Telecrates laetiorella is a moth of the family Xyloryctidae. It is known from the Australian Capital Territory, New South Wales, Queensland, South Australia and Victoria.

Description
The wingspan is 16–23 mm. Head black, face pale yellow. Palpi whitish-yellowish, base of second joint and terminal joint except base dark fuscous. Antennae yellow-whitish, towards base dark fuscous. Thorax ochreous-yellow. Abdomen light ochreous yellowish, sprinkled with grey. Legs light ochreous-yellowish, anterior and middle pair suffusedly banded with grey. Forewings elongate-oblong, costa moderately arched, apex obtuse, hindmargin faintly sinuate, oblique; ochreous-yellow; two very broad deep purple fasciae, obscurely margined with dark fuscous; first almost basal, outer edge slightly convex; second hindmarginal, anterior edge rather strongly convex: cilia ochreous-yellow, on costa purple-fuscous, at anal angle with a broad deep purple bar.

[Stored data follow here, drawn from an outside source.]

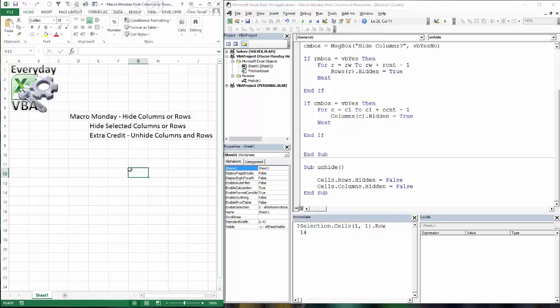So that's the Macro Monday of hiding columns and rows. That's a good little challenge because it does get you to use a loop and an if statement. Probably a couple other ways to do that. But this is a really good one. Hope you guys enjoy this.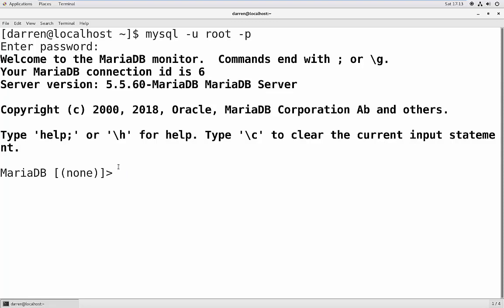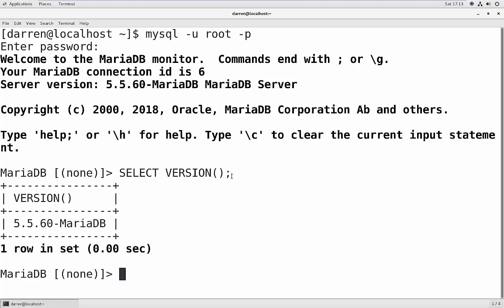If for whatever reason you can't see it there, you can type in this command which I have in my history. So it's SELECT VERSION open and close in brackets and semicolon, we'll press return and we can see it here 5.5.60-MariaDB.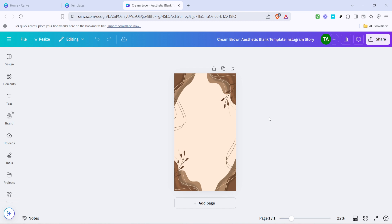Now that you're in the design editor you have the power to alter virtually every aspect of the template. Change the text to match your message, adjust the fonts to convey the right tone or modify the colors to align with your brand identity. You're not limited to these changes, you can also add new elements like graphics, photos or illustrations from Canva's extensive library giving your design a unique touch.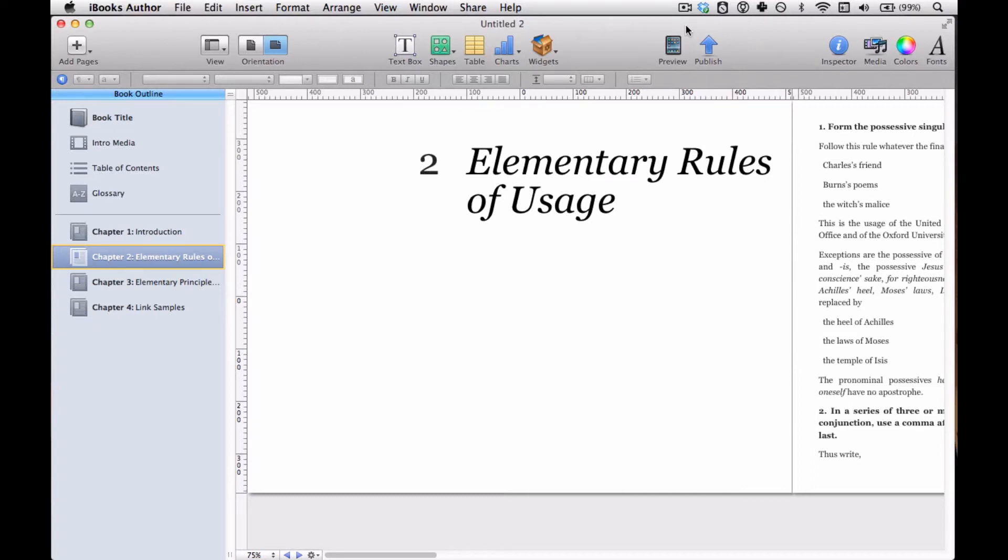You've seen how layouts work, so you know how to design chapters, sections, and pages. The other side of the design coin in iBooks Author is the Paragraph, Character, and List Styles section.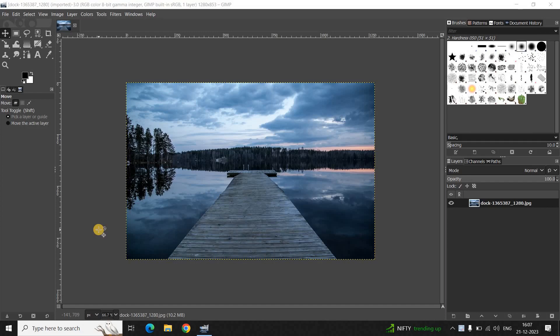Hey guys, welcome back. In this video I want to show you how you can blur edges of an image in GIMP. It's certainly super easy to blur edges of an image in the GIMP editor, so without further delay let's get started and see how you can do this.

Hindwings with veins 6 and 7 stalked; rather dark fuscous-grey; cilia pale ochreous-yellowish, above apex with a grey line near base.

Biology
The larvae tunnel in the bark of Eucalyptus species (including Eucalyptus rossii), feeding on the inner bark or on the adventitious bark growth around the holes left by wood-boring beetles.